The parameter above is purely based on the standard Slackware’s MySQL package. So make sure you’ve created /etc/my.cnf which is not available by default. Just copy from the default file:

cp /etc/my-small.cnf /etc/my.cnf

Your latest crm status would show something like this:
```
============
Last updated: Mon May 14 01:13:23 2012
Stack: openais
Current DC: node1 - partition with quorum
Version: 1.1.1-b9b672590e79770afb63b9b455400d92fb6b5d9e
2 Nodes configured, 2 expected votes
2 Resources configured.
============

Online: [ node1 node2 ]

 ip (ocf::heartbeat:IPaddr):    Started node1
 mysql  (ocf::heartbeat:mysql): Started node2
```
As you can see, mysql has been started on Node 2. Actually it doesn’t matter in which node it will start first (for this tutorial, not for the production server), what important is that if one of the nodes is down, the other node should start its MySQL automatically.

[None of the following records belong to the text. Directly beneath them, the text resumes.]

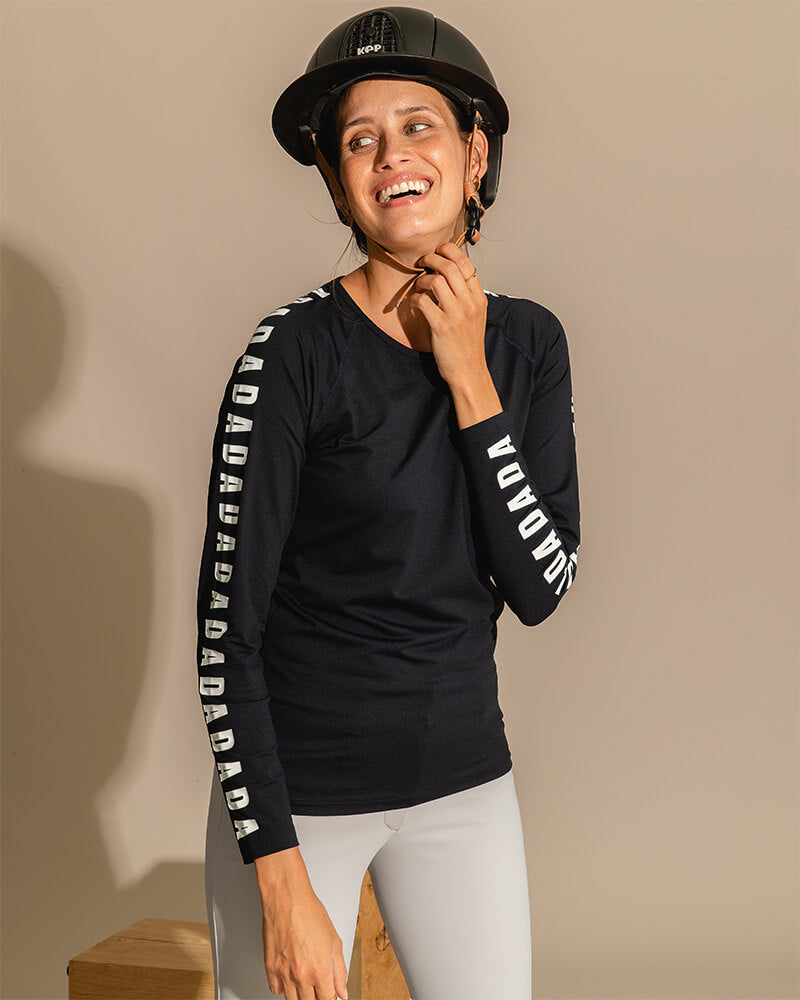 We love the Dada Izzy technical T shirt. Perfect for training, the yard or at shows. The T shirt has long sleeves with the Dada logo printed down the arm of the sleeves. It has Raglan armholes for maximum comfort. The fabric is made from a technical bi stretch jersey so is Breathable with anti-UV protection, chlorine and sun oils resistants.
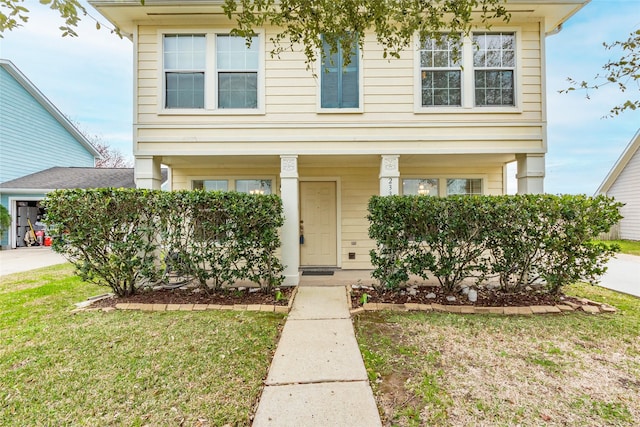 view of front of house with a front yard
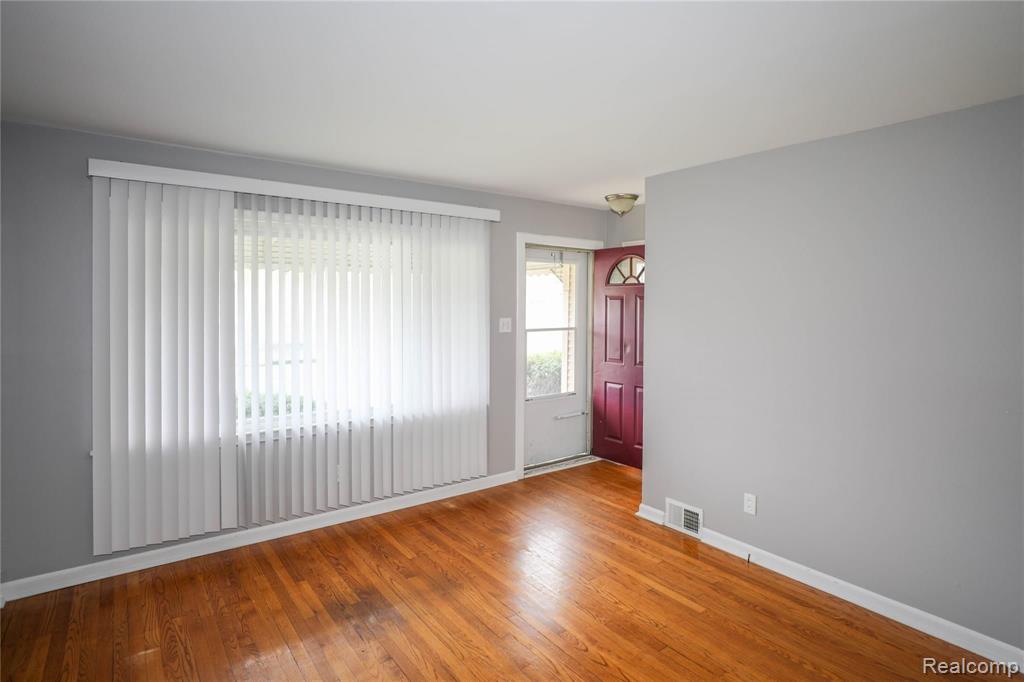 1334 East 10 Mile Road Ferndale, MI 48220 - Photo 3 of 29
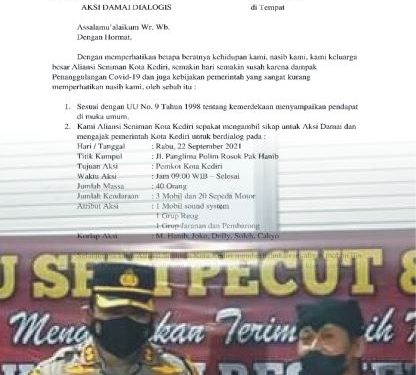 Surat pemberitahuan aksi dan saat Kapolres Kediri Kota AKBP Wahyudi bertemu perwakilan seniman (istimewa)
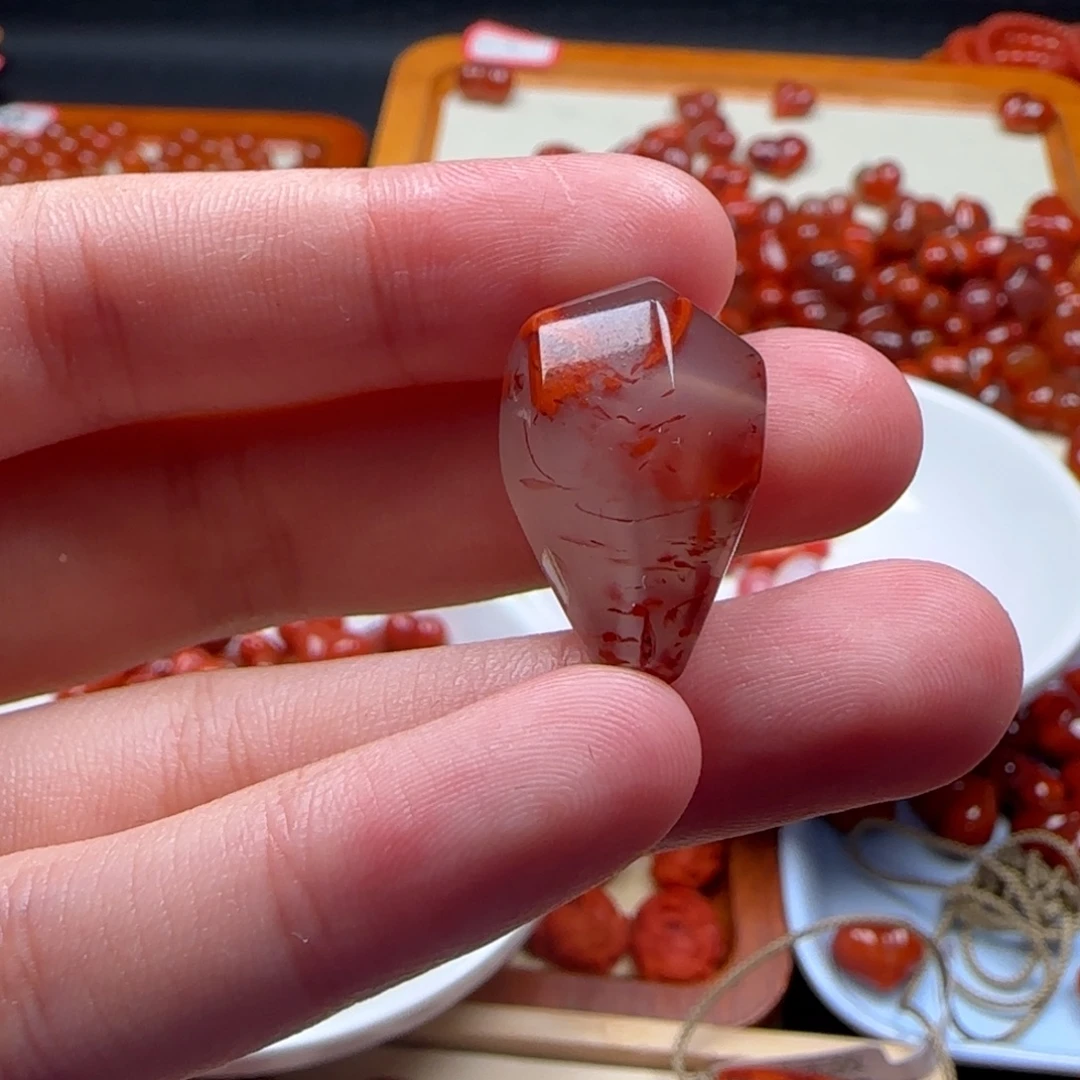 南红玛瑙未镶嵌挂件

You can test this situation by running these commands in your Node 2 to simulate a node failure:
```
crm
node
standby
quit
```
crm status would show something like this (give Node 1 some time before it starts its MySQL):
```
============
Last updated: Mon May 14 01:21:12 2012
Stack: openais
Current DC: node1 - partition with quorum
Version: 1.1.1-b9b672590e79770afb63b9b455400d92fb6b5d9e
2 Nodes configured, 2 expected votes
2 Resources configured.
============

Node node2: standby
Online: [ node1 ]

 ip (ocf::heartbeat:IPaddr):    Started node1
 mysql  (ocf::heartbeat:mysql): Started node1
```
Right now, your client can use the cluster IP (192.168.1.100) to connect to your MySQL. The client won’t realize which node it connected to. In this case, he/she will connect to Node 2 if both of them (the nodes) are online. If Node 2 is offline, 192.168.1.100 will automatically connect the client to MySQL in 192.168.1.101. If Node 1 is offline, 192.168.1.100 will automatically uses MySQL in Node 2 which is in 192.168.1.102.
To reonline Node 2, just use these commands in your Node 2:
```
crm
node
online
quit
```

However, usually you want to control which MySQL will be up first, either in Node 1 or in Node 2. To make this happen, you need to use colocation:

crm
configure
colocation ip-mysql inf: ip mysql
commit
quit

crm status would show something like this:

============
Last updated: Mon May 14 01:26:41 2012
Stack: openais
Current DC: node1 - partition with quorum
Version: 1.1.1-b9b672590e79770afb63b9b455400d92fb6b5d9e
2 Nodes configured, 2 expected votes
2 Resources configured.
============

Online: [ node1 node2 ]

 ip (ocf::heartbeat:IPaddr):    Started node1
 mysql  (ocf::heartbeat:mysql): Started node1

That means, your mysql has been started on Node 1. So, everytime corosync is started on both of the nodes, mysql will be started on Node 1 due to the colocation configuration.

Try turning off Node 1 or Node 2 and see how MySQL switches side from both of the nodes.

I think that’s it, next tutorial should be mainly about DRBD. Good luck!